I’m trying to write a piece of code that makes it so I cant move my Chain bar pasta certain amount, which simulates a lock bar. So something that if my chain bar reaches a point where the sensor is at 2200, I cant move it any further but I cant move it back forward. Ive made a piece of code that just move it forward when it passes the breaking point. but it doesn’t look smooth and makes it difficult to manipulate. any pseudocode?
@97934V What you are describing is a limiting if statement, like this: (you might need to switch the greater than to less than depending on how the sensor counts… also the positive and negative power value). However, to simulate a lock bar I would recommend adding a brake or using PID to counteract momentum.
//limiting if statement
if(vexRT[Btn6U] == true)
{
if(SensorValue[chainPot] > 2200)
{
motor[chainBar] = 0;
}
else
{
motor[chainBar] = 127;
}
}
else if(vexRT[Btn6D] == true)
{
motor[chainBar] = -127;
}
else
{
motor[chainBar] = 0;
}
The bar already uses PID, how do you do immediate counter acting for it?
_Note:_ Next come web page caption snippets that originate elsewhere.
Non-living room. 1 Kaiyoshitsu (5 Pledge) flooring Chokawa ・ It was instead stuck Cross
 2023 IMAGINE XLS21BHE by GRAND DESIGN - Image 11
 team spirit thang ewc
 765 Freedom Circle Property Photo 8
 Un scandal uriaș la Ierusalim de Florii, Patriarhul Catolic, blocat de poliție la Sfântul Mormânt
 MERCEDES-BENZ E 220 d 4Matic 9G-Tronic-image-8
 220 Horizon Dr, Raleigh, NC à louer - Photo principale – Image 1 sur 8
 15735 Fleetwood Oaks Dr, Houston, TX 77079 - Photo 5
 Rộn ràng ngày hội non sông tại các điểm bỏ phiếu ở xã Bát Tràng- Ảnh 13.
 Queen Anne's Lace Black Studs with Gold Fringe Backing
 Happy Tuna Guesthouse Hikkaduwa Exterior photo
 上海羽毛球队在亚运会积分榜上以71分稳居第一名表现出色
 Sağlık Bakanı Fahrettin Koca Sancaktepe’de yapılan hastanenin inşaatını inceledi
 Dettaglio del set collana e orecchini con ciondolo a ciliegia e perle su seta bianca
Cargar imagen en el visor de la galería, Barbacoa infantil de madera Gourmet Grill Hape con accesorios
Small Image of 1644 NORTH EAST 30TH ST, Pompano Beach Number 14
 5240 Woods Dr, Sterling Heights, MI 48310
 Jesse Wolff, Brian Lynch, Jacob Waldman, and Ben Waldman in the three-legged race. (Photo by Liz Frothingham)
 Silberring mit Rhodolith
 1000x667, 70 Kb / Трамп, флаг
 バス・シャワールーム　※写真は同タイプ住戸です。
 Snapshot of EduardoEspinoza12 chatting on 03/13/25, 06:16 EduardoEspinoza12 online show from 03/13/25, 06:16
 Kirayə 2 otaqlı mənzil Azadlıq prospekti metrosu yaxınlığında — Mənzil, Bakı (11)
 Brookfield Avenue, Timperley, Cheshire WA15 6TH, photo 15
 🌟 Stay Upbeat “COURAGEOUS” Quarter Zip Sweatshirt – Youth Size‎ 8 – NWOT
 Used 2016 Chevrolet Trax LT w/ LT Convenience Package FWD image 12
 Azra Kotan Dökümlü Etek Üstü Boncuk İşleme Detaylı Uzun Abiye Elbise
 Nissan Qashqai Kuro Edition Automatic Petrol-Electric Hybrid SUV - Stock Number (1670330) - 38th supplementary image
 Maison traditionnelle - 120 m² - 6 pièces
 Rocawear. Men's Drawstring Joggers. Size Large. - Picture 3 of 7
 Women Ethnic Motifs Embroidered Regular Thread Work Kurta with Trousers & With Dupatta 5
Right now the code is like this
[/code/]
While(1){
if (vexRT[Btn6U] == 1)
{
chainRequestedValue =+ 0.3;
}
else if (vexRT[Btn6D] == 1)
{
chainRequestedValue =- 0.3;
}
else {
chainRequestedValue =SensorValue[LiftChain];
}
}
@97934V I don’t quite understand… if you are using PID it should always stop at the correct value.
If chainRequestedValue is 1:1 mapping with your sensor reading (it looks like it is, from the no-button else branch), you just need to limit the target. Such as:
...]
if (vexRT[Btn6U] == 1 && chainRequestedValue < 2200) {
chainRequestedValue =+ 0.3;
}
(SIde note: I see you have a very small per-loop update (0.3), which matches my observation that you have no per-loop wait, i.e. your control task runs as fast as it can. That’s not good, that leaves your control at the mercy of the OS scheduler, whether something else is taking more of CPU at any given point, changing how often your “+0.3” gets applied. Much better approach would be a per-loop delay, allowing you to use more reasonable and consistent control. E.g. 20ms delay and an increment of 40 would allow you (as long as your PID and motors keep up) swing by 50*40=2000 potentiometer units, or about 125 degrees of the arm movement.)